AWS: Cluster requires designating subnets by both ID and containing AZ
#14,710 opened on Dec 2, 2022
Description
1. What kops version are you running?
1.25.3
2. What Kubernetes version are you running?
1.24.7
3. What cloud provider are you using?
AWS
4. What commands did you run? What is the simplest way to reproduce this issue?
- Write a Cluster manifest that include several "spec.subnets" entries with both the "id" and "zone" fields populated.
- Run kops replace --filename=... to store that desired state.
- Observe that kOps accepts this designation of subnets via ID and containing AZ.
- Run kops edit cluster and remove one or more of the "spec.subnets[*].zone" fields.
The subnet ID should be enough designation, given that AWS already knows the containing AZ for each subnet. - Observe that kOps rejects the "zone" field omission, complaining as follows, per the
fi/cloudup/awsup.FindRegionfunction:
Error: invalid AWS zone: “” in subnet “utility-us-east-2a”
5. What happened after the commands executed?
kOps continues to mandate that the Cluster spec designate AWS EC2 subnets by both ID and containing AZ.
6. What did you expect to happen?
Given that cloudup is able to look up a subnet's containing AZ given its ID, why do we require that the Cluster designate subnets by both of these details?
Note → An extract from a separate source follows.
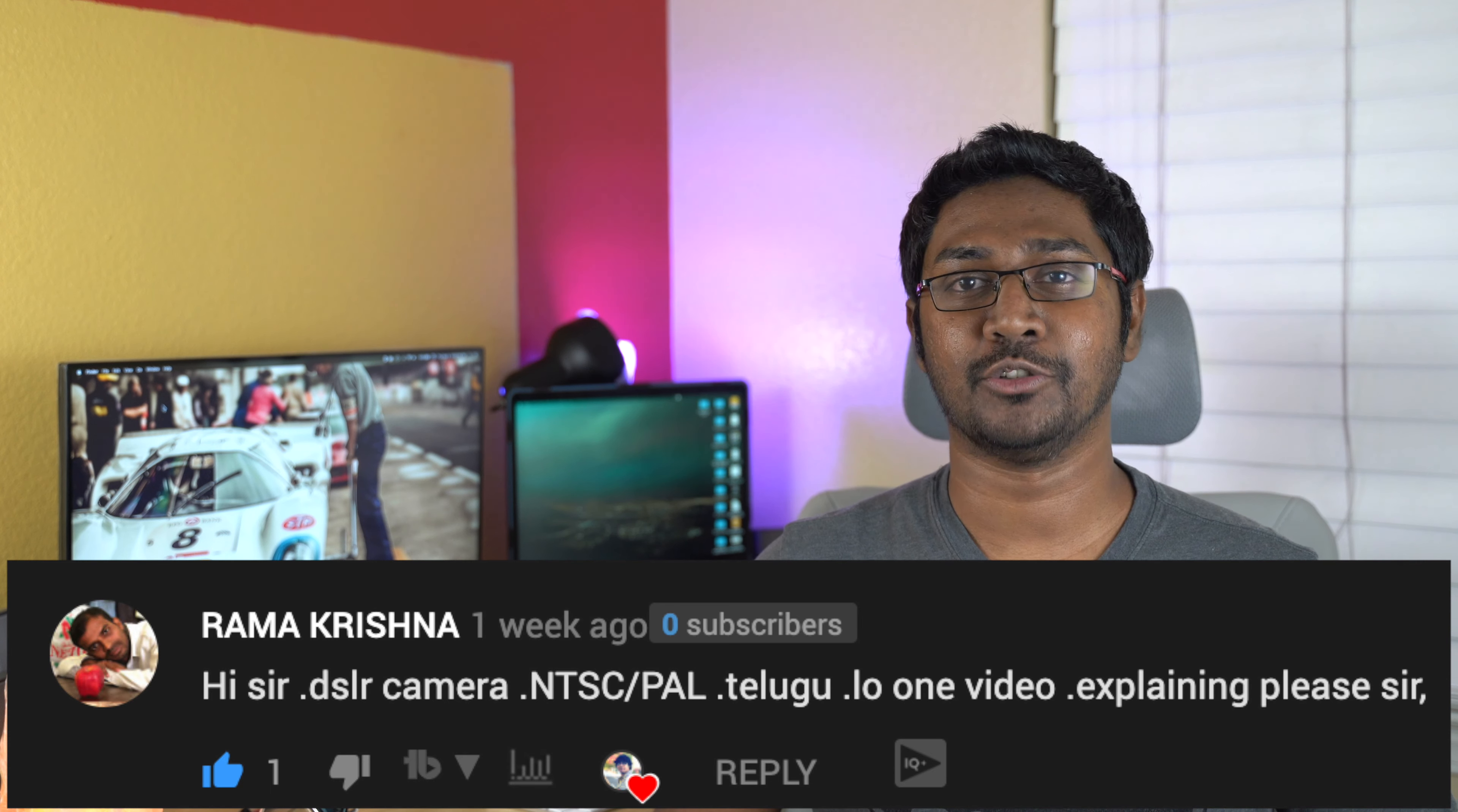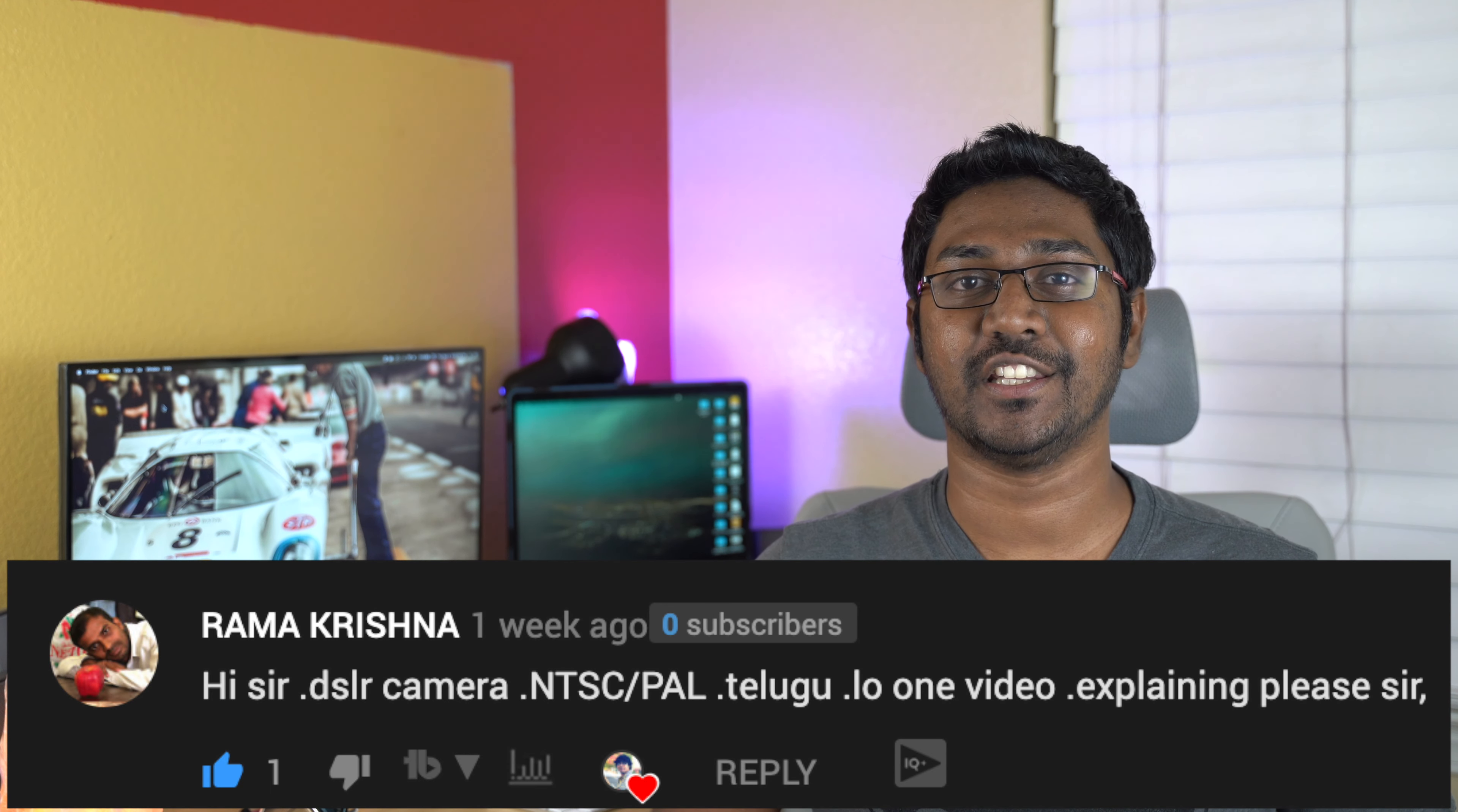First question is from Ramakrishna about NTSC vs PAL. In DSLR, mirrorless, or video recording cameras, there are two recording format options: NTSC and PAL.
At best, the nominated AZ will match what AWS already knows.
7. Please provide your cluster manifest.
apiVersion: kops.k8s.io/v1alpha2
kind: Cluster
metadata:
name: my-cluster
spec:
additionalSans:
- something.example.com
api:
loadBalancer:
additionalSecurityGroups:
- sg-0e73440d5420efaca
class: Network
crossZoneLoadBalancing: true
type: Public
authorization:
rbac: {}
awsLoadBalancerController:
enableWAF: true
enableWAFv2: true
enabled: true
certManager:
enabled: true
managed: false
cloudConfig:
disableSecurityGroupIngress: true
manageStorageClasses: false
cloudProvider: aws
clusterAutoscaler:
balanceSimilarNodeGroups: true
enabled: true
configBase: s3://my-bucket/my-cluster
etcdClusters:
- etcdMembers:
- instanceGroup: master-us-east-2a
name: a
- instanceGroup: master-us-east-2b
name: b
- instanceGroup: master-us-east-2c
name: c
manager:
env:
- name: ETCD_LISTEN_METRICS_URLS
value: http://0.0.0.0:8081
- name: ETCD_METRICS
value: extensive
name: main
- etcdMembers:
- instanceGroup: master-us-east-2a
name: a
- instanceGroup: master-us-east-2b
name: b
- instanceGroup: master-us-east-2c
name: c
manager:
env:
- name: ETCD_LISTEN_METRICS_URLS
value: http://0.0.0.0:8082
- name: ETCD_METRICS
value: basic
name: events
iam:
allowContainerRegistry: true
useServiceAccountExternalPermissions: true
kubeAPIServer:
featureGates:
StatefulSetAutoDeletePVC: "true"
kubeControllerManager:
featureGates:
StatefulSetAutoDeletePVC: "true"
kubeProxy:
enabled: false
kubelet:
anonymousAuth: false
kubeReserved:
cpu: 750m
memory: .75Gi
kubernetesVersion: 1.24.7
metricsServer:
enabled: true
networkCIDR: 10.3.0.0/16
networkID: vpc-03e705c4cddfee42b
networking:
calico:
bpfEnabled: true
crossSubnet: true
encapsulationMode: vxlan
typhaReplicas: 3
nonMasqueradeCIDR: 100.64.0.0/10
podIdentityWebhook:
enabled: true
serviceAccountIssuerDiscovery:
discoveryStore: s3://some-oidc-bucket/my-cluster
enableAWSOIDCProvider: true
subnets:
- cidr: 10.3.100.0/22
id: subnet-090c2c40927d862dc
name: utility-us-east-2a
type: Utility
zone: us-east-2a
- cidr: 10.3.104.0/22
id: subnet-03a87fdc7ead5ac0c
name: utility-us-east-2b
type: Utility
zone: us-east-2b
- cidr: 10.3.108.0/22
id: subnet-0fc9d25fba3d58414
name: utility-us-east-2c
type: Utility
zone: us-east-2c
- cidr: 10.3.0.0/22
egress: nat-0cd5a5fe7dd0b849f
id: subnet-06eecb7efb2e834ae
name: us-east-2a
type: Private
zone: us-east-2a
- cidr: 10.3.4.0/22
egress: nat-0e00e598753c7b918
id: subnet-0439ad6bfde63be65
name: us-east-2b
type: Private
zone: us-east-2b
- cidr: 10.3.8.0/22
egress: nat-0f936269f80667e78
id: subnet-0dccfb6407fd18cb8
name: us-east-2c
type: Private
zone: us-east-2c
topology:
masters: private
nodes: private
8. Anything else do we need to know?
It's not clear whether this is a defect. I prefer to omit over-specifying details like these that we can at best only get wrong. If we want to note the containing AZ for a given subnet, we can write a comment to that effect in the Cluster manifest—given that we're using YAML and not JSON. If kOps needs to know the containing AZ, it should be able to consult the AWS API to learn of this detail from the related subnet.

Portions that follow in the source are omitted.